As I anticipated in my post on WebRTC standardization, the IETF 87th meeting took place last week in Berlin, Germany. One of the agenda items for WebRTC was whether SDES should be part (and how) of WebRTC.
According to the IETF drafts, any WebRTC compliant implementation must support the RTP/SAVPF profile which builds on top of the Secure RTP profile RTP/SAVP. This means that media channels (e.g. audio, video) must be secured via Secure RTP (SRTP), which provides media encryption among other security features. In fact, the use of plain (unencrypted) RTP is explicitly forbidden by the WebRTC specifications.
WebRTC Key Management Alternatives
SRTP needs to interact with key management protocols (e.g. MIKEY, ZRTP, SDES, DTLS-SRTP) in order to negotiate the security parameters for the media traffic session. It’s worth noting that the signaling (e.g. SIP, HTTP) and media (e.g. RTP) involved in a multimedia communication can be secured independently. For instance, SDP Security Descriptions for Media Streams (SDES) and Multimedia Key Exchange (MIKEY) use the signaling plane to carry the security parameters of the session via SDP; this means the signaling should be in turn protected. However, securing signaling and media independently may be insufficient in some cases as it provides no guarantee that the signaling user is the same as the media user. Hence, a cryptographic binding between the two planes is desirable – ZRTP and DTLS-SRTP do this.

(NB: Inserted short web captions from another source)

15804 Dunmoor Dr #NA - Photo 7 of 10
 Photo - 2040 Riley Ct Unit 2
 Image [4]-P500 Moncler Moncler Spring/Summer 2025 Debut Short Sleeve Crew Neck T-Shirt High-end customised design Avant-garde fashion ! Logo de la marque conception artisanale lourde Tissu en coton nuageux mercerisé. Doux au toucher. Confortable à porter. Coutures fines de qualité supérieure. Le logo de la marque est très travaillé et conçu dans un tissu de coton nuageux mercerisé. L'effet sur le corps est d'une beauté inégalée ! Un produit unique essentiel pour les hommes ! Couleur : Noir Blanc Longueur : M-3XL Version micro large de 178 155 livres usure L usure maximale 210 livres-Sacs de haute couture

A lot of literature can be found on the topic, but in a nutshell:
SDES – security parameters and keys to set up SRTP sessions are exchanged in clear text in form of SDP attributes, hence relying on the signaling plane to secure the SDP message, using for instance TLS.
MIKEY – performs the key exchange and negotiates cryptographic parameters on behalf of multimedia applications. Its messages are transported in the SDP payload and encoded in base64.
ZRTP – a shared secret and other security parameters are exchanged relying on Diffie-Hellman. Mutual authentication can use a Short Authentication String (SAS), so it doesn’t require support from a PKI. The ZRTP exchange takes place over the same port numbers used by the multimedia session for the RTP traffic (as opposed to the signaling path).
DTLS-SRTP – enables the exchange of the cryptographic parameters and derive keying material. The key exchange takes place in the media plane and are multiplexed on the same ports as the media itself. We will elaborate on this in a future post but, in short, once some of the ICE checks have completed, DTLS-SRTP allows the SRTP media channel to be established with no need to reveal keys in the SDP message exchange as is done with SDES.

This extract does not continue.